Before and after exposure, the passive samplers were kept in airtight containers and stored in the refrigerator at 4 °C in the dark until sample processing. Nitrogen dioxide and O3 concentrations were determined by using a UV-vis Varian 100 Spectrophotometer, and SO2 concentrations were determined by using a Dionex ICS-3000 ion chromatography system, as described in detail by Pekey and Özaslan (2013). The sample extraction process and the UV-vis method were applied according to the recommendations of the Radiello Company (Radiello 2015). The mass of nitrite and O3 in the cartridges was obtained by reference to a linear calibration derived from the spectrophotometric analysis of standard solutions of sodium nitrite (for nitrite) and 4-pyridylaldehyde (for ozone).
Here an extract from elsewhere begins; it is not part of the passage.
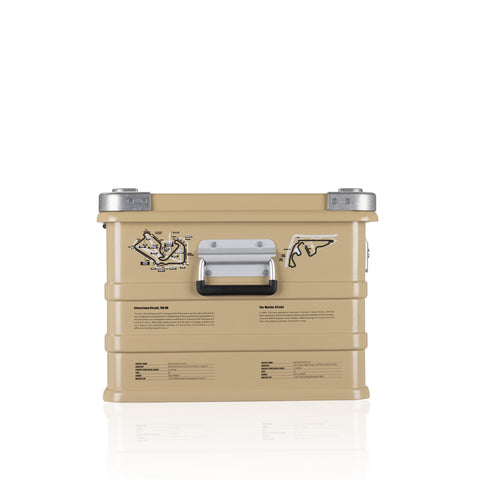 PiggyBank X Lolly Trunk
The ion chromatography system consisted of an isocratic pump (Dionex isocratic single pump SP), a conductivity detector (Dionex CD), an anion self-regenerating suppressor (Dionex 4-mm self-regenerating II ASRS Ultra), an anion analytical column (Dionex IonPac AS9-HC 4 × 250 mm) and a guard column (Dionex IonPac AG9-HC 4 × 50 mm). Ten millimolars of Na2CO3, 1 mL/min and 100 μL were used as the eluent, flow rate and sample size, respectively. High-purity deionized water was used during sample dilution and the preparation of eluent and calibration standards. Calibration standards for the sulphate ion (Dionex seven anion standard, PART#57590) were prepared using deionized water, with concentrations ranging from 0.02 to 10 ppm.

Three samplers were used as field blanks and three samplers were used as laboratory blanks for each pollutant. A field blank is a sampler that is transported to the field in the same way as the samplers. At the sampling site, the plastic bag was opened and the cartridge taken from the box. After that, it was placed in the box and closed tightly again and the blank was taken back to the lab. Laboratory blanks were the unopened cartridges that were stored in the refrigerator until the analysis. All blanks were treated as environmental samples, and the average blank value was subtracted from the sample amount using the blank data set of each sampling period.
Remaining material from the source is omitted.